> _WORK INSTRUCTIONS_
Exactly the lines from the one holding "Seaside Villa Lara" through the end of the material below must be printed, nothing more, and the pictures must be dropped.

> _DATA SECTION_
==============================

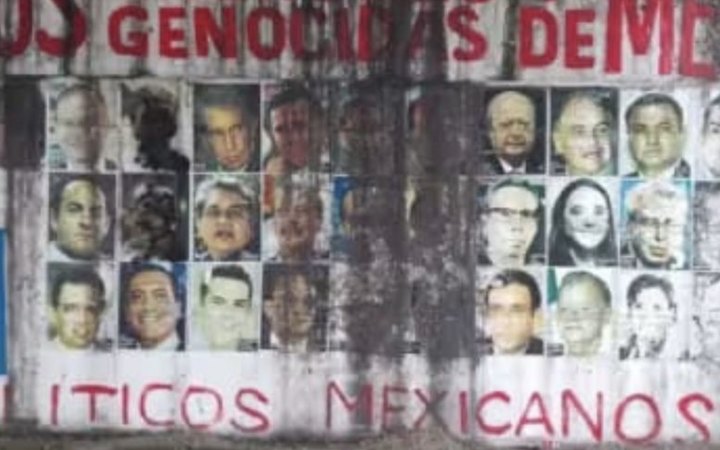 Muro de Políticos Corruptos bajo el puente de la avenida José López Portillo en Cancún, antes de ser cubierto por grafiteros.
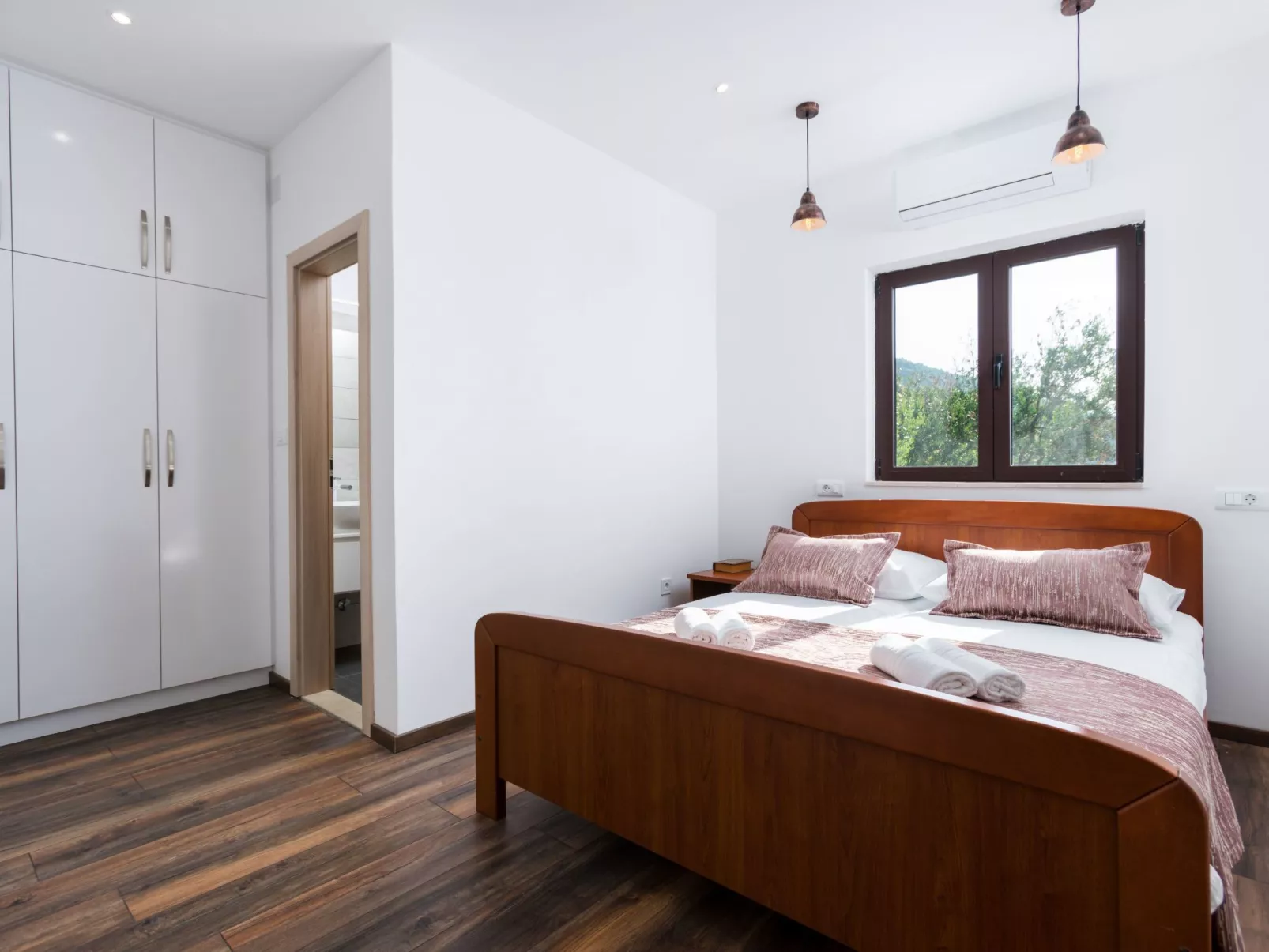 Seaside Villa Lara mit beheiztem Swimmingpool-Dedans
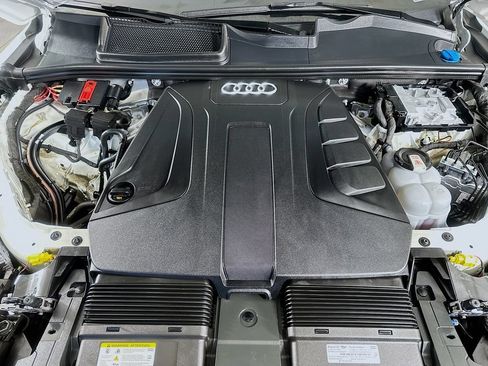 Used 2023 Audi Q7 2.0T Premium Plus AWD/4WD image 35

==============================

> _PROBLEM SOLUTION_
 Seaside Villa Lara mit beheiztem Swimmingpool-Dedans
 Used 2023 Audi Q7 2.0T Premium Plus AWD/4WD image 35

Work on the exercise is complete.